>>>>>
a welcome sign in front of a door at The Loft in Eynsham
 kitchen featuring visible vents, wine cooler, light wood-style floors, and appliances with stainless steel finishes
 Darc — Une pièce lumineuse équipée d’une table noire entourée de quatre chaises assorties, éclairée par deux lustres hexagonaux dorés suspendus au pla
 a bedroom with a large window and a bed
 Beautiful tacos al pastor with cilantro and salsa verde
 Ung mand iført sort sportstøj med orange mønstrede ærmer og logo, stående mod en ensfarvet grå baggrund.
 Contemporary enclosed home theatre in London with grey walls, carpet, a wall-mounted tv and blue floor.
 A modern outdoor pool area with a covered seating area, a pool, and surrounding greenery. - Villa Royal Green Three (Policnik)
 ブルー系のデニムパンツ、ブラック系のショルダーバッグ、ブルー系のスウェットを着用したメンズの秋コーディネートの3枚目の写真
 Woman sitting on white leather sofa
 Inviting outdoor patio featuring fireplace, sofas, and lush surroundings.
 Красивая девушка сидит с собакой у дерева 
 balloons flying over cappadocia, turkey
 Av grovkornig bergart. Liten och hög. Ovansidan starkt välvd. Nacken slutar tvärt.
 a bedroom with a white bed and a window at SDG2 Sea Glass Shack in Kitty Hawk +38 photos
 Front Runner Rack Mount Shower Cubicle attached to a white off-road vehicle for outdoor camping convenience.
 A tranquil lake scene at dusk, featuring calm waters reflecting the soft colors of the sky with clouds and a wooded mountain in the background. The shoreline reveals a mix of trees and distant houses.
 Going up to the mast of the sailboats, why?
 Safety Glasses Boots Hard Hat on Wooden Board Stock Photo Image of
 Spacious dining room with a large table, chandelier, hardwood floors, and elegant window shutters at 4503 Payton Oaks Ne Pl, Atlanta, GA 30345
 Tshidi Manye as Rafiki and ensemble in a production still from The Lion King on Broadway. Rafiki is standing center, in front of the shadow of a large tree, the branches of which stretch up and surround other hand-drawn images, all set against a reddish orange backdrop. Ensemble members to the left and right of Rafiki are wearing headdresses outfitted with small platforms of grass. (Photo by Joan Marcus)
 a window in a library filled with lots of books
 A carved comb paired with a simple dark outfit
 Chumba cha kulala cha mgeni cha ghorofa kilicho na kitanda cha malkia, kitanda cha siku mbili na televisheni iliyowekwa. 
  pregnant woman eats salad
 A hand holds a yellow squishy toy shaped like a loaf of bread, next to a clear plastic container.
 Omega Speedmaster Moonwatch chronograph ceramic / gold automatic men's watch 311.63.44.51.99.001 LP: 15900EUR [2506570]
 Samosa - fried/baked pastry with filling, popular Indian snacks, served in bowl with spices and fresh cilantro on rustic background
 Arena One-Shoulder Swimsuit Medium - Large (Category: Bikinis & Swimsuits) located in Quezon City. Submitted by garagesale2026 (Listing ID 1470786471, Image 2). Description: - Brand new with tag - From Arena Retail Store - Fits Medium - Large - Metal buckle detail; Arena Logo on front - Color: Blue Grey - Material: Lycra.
<<<<<
• EXERCISE:
Identify all lines in the records above with the word "floors".

• RESULT FOR THIS EXERCISE:
 kitchen featuring visible vents, wine cooler, light wood-style floors, and appliances with stainless steel finishes
 Spacious dining room with a large table, chandelier, hardwood floors, and elegant window shutters at 4503 Payton Oaks Ne Pl, Atlanta, GA 30345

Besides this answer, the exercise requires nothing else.